Pero existe otra soledad, una que nos es propia, la que menciona Mónica en el cuento de Mansfield, y que no se relaciona con el amor de pareja. Es aquella, inmensa e insondable, que resulta de haber nacido en un mundo ajeno, en un mundo diseñado para otros que no son los de tu especie. Es abrir los ojos al instante mismo de nacer y percibir el aterrizaje en un lugar donde no te esperaban, donde no fuiste bienvenida, donde a priori te instalaron como a un ser de segunda categoría. No importa tu clase ni tu raza: naciste castigada. Tu anatomía, sólo por ser femenina, será taladrada por la desigualdad milenaria; en ella golpeará la injusticia por ser la anatomía de una mujer. Y con ella a cuestas —lo sepas o no, tengas o no conciencia de ello— recorrerás la tierra como la perenne exiliada, como la última desheredada, maldita por habitar un espacio ya apropiado por otros, por ser arrojada al patio de atrás, a los rincones, siempre rincones retraídos y postergados.

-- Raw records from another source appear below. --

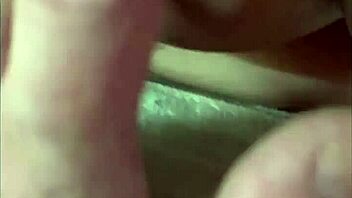 Blonde pawg takes it deep for that juicy creampie finish! 💦😍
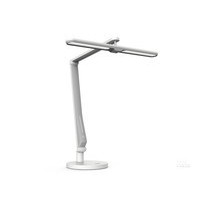 ����HHLT0552W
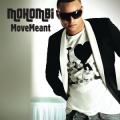Mohombi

Ésa es la soledad de las mujeres desde que el mundo se creó.
Invisibles. Suprimidas. Desoídas. Silenciadas. Habladas, escritas y contadas por otros, sin lenguaje, con una media modulación. Normadas sin haber dado su parecer. Hipotecadas. La capacidad escondida, la inteligencia subterránea. Ésa es la trayectoria de nuestros genes; ésos, los modelos hacia donde volver la vista. Ése es el libro de la historia. Y en él, un par de páginas para las otras, las que nadie logró domesticar, las que no se avinieron con las virtudes femeninas, las que quisieron distinguirse, las que no se sometieron. Sí, un par de páginas para las satanizadas, las que no alcanzan a aplacar nuestro desamparo ya que no contienen un solo happy end, sólo los altos precios que pagaron por su desacato, con sus propias vidas en los peores momentos, con su cordura en otros, pero pagando. Y siempre, siempre con la soledad sobre las espaldas.
Hubiera querido realizar un acto de magia: escribir el prólogo para un libro de cuentos de mujeres solas del próximo siglo y que éste incluyera sólo relatos nuevos. Si Elias Canetti tuvo razón y los escritores somos los centinelas de la metamorfosis, los testigos de los cambios sociales, ¿qué narraciones contendría ese libro? Sólo entonces podríamos comprobar si las últimas décadas de historia llegaron para quedarse, si el avance espectacular que las mujeres han protagonizado es irreversible o no, y sólo en ese instante seríamos capaces de desentrañar si la soledad era otra.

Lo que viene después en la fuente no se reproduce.